Fong is unrecognisable from his first movie appearances as the high-energy fighter in the Iron Angels action franchise of the late 80s. It is the way he carries himself like a tired warrior resigned to making the best of an increasingly bad situation, sometimes by taking people by the scruff of the neck but mostly through the sighs and pursed lips and frowns and negotiating. Lam Suet is really despicable but not nearly as the awful father he played in the Johnnie To film Breaking News (2004). Here, it is more comic as his money-grubbing ways necessitate him having a fast mouth that leads to him singing like a stool pigeon and betraying his contacts while he also has an amusing off-kilter gait as he spills around scenes in gaudy suits while seeking cash or escape from people putting pressure on him.

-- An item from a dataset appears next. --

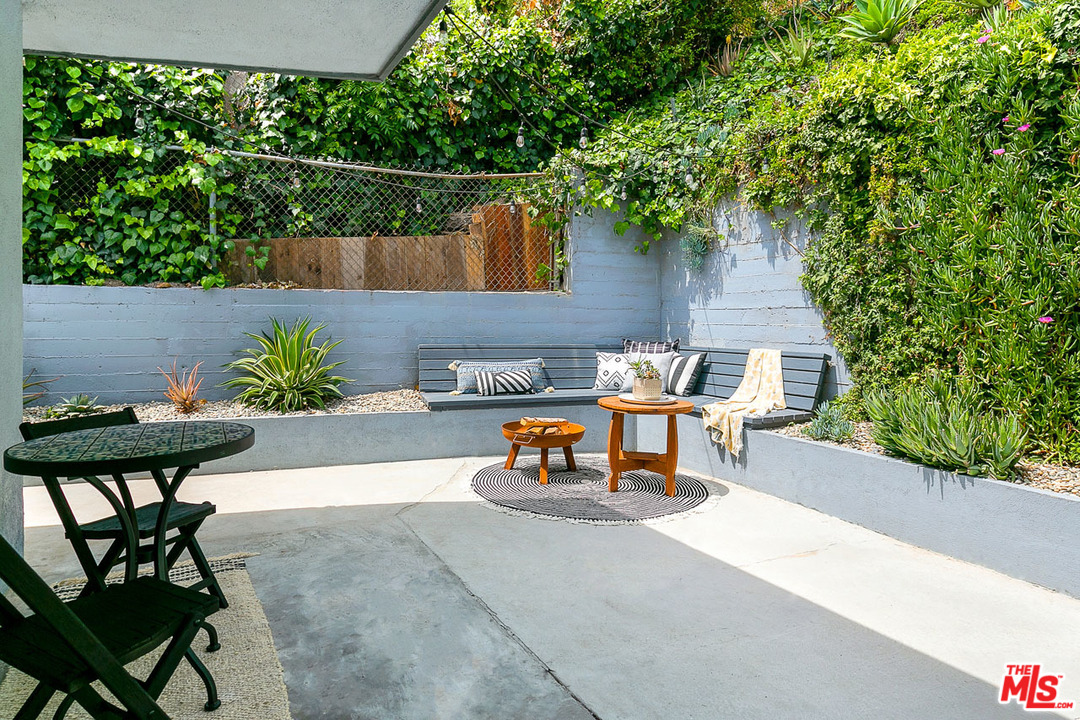 4467 Bowman Boulevard Los Angeles, CA 90032 - Photo 17 of 23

The film benefits from having so many contradictory character elements in play. Cultural flavours are diverse as everyone approaches life in the big city differently while people’s capacity for good and bad is dependent upon bravery, experience, and rapaciousness so situations can spiral out of control as different people meet up. The emotions feel real or at least consistent with the characters. There are archetypes at play here but the characterisation and acting ensure they feel real and their actions never feel contrived. Rather than the pen of the writer, what happens has the feeling of fate playing a part in proceedings as people meet or exchange information at just the right time or a person dying turns out to be a good thing. The notion of fate is especially felt in the finale when two characters face death but in different locations, these moments intercut together.
Mongkok itself proves to be a strong character. The constant sight of crowds milling about in streets, narrow alleys, on walkways across busy boulevards, makes for prime chase territory, especially as the area gears up for Christmas and people get lost amidst red Santa costumes, glitzy neon signage, glam karaoke bars, massage parlours, and the more down-at-heel hotels. The whole area feels real and with the use of handheld cameras and filming on the streets, watching the film feels like being drawn into Mongkok.

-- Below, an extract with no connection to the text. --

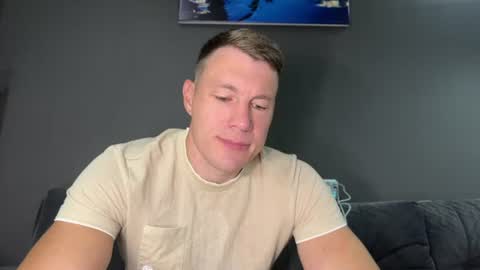 Snapshot of capt_oliver chatting on June 17, 2026, 8:50 am follow my twitter online show from June 17, 2026, 8:50 am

When action erupts, it feels like a natural result of the characters pushing the film forward by pursuing their own agendas in the area. They all feel authentic to the world of the film and that world has a lot of realism that comes from the way the locations are captured and the cast blend in. This sense of realism makes everything compelling and thrilling while the characterisation and acting adds life and dramatic heft and surprise to what might feel schematic. All of this makes the film highly atmospheric, worth watching, and one of the better gangster films to come from Hong Kong in the 2000s.
For this film, Derek Yee won Best Director and Best Screenplay at the 2005 Hong Kong Film Awards while he took Best Director at the 2005 Hong Kong Film Critics Society Awards.